Well, now they were both crying. I had the younger brother in my lap—he was curled up in a ball, sobbing into my shirt—and, clinging to my arm, the older brother implored me with tears not to send for his father. I had been trying to teach them the passage in Corinthians about how love was super important. While I was doing this the bigger brother sat on his sibling, squishing him into the wall. Such is life.
It struck me, witnessing the change as it came over the older brother. He had been strutting like a bird, refusing to apologize. So, I told one of the other children to go get the dad. Instantly, the older brother fell at my side weeping, begging me not to tell on him.
Some people may look at this apology as shallow, self-interested, insincere. On a level, it was. But even so, once that threat was there, the two brothers could reconcile. On the same level, when people try to strip Christianity of punishment, when it becomes what C. S. Lewis referred to as Christianity and water, they take away an equalizing element that fosters repentance.

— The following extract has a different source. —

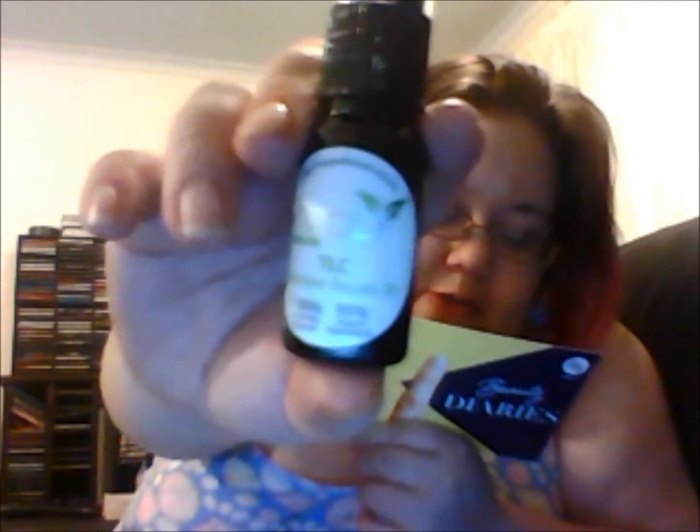Then we got a Happy Skincare TLC Intensive Repair Oil in green. The 100ml size retails at Bella Box for $29.70.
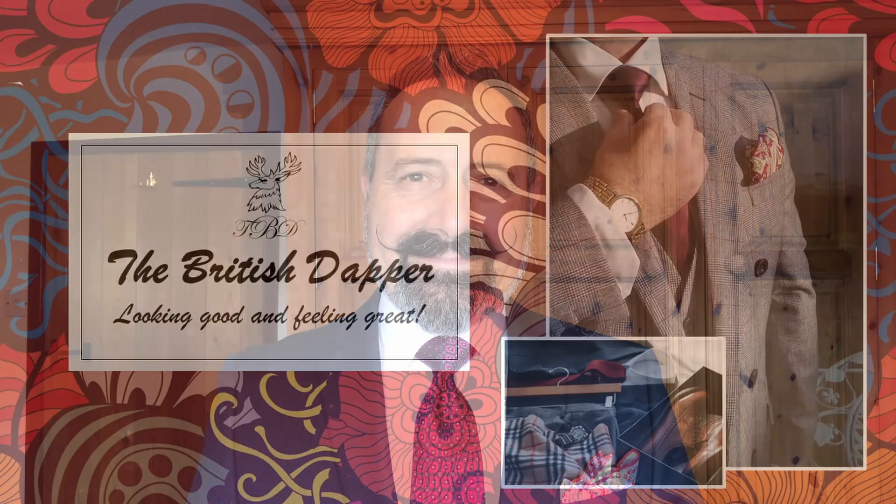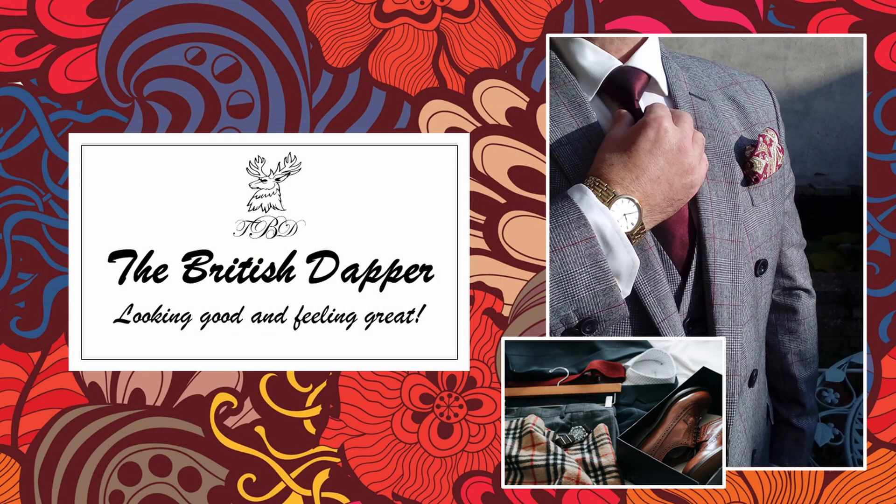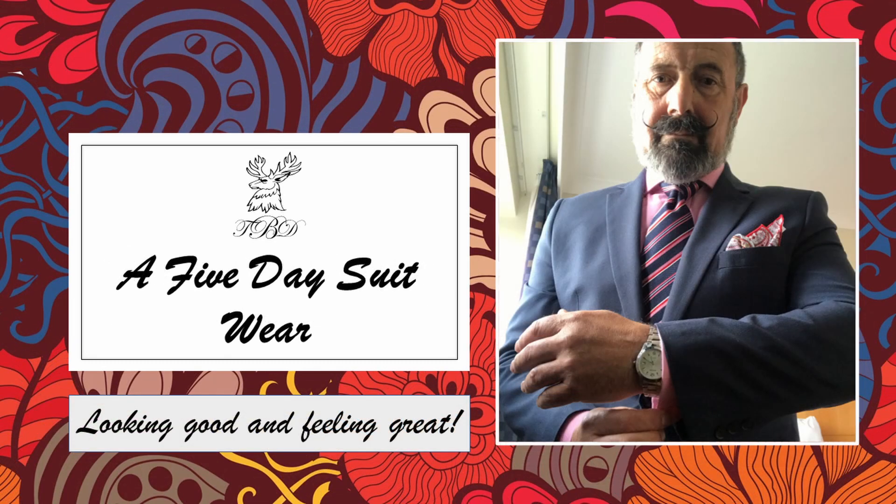Hello and welcome to the British Dapper. Today we're looking at a five-day suit wear. Last week I went to the lovely city of Cardiff to do some training with some members of staff, and on that occasion I went from Monday through till Friday, so I set myself a challenge to wear a suit for five days whilst at work.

What sort of repentance is that, you might ask. What does it say of Christianity that fear, selfish fear, is the thing first prompting a sinner to bend his knee? It says that Christianity understands our pitiable hearts. The church isn’t some clubhouse for saints, it is more a halfway house for parolees.
Every day I see the strutting of people praising their own virtue. “The world doesn’t need religion,” they say. “Look at me, I’m basically good,” they boast, sitting atop their brother. It is almost a fear of fear. An unwillingness to face the possible bad news is one of the greatest obstacles to hearing the gospels. One cannot ask for forgiveness without admitting the need of it. So is our vile state.
Once the older brother tasted fear, he put away his prideful looks. As his father finally came into the room, he asked his brother for forgiveness. And later that day, I watched them wrestle and play, tackling one another into the summer grass.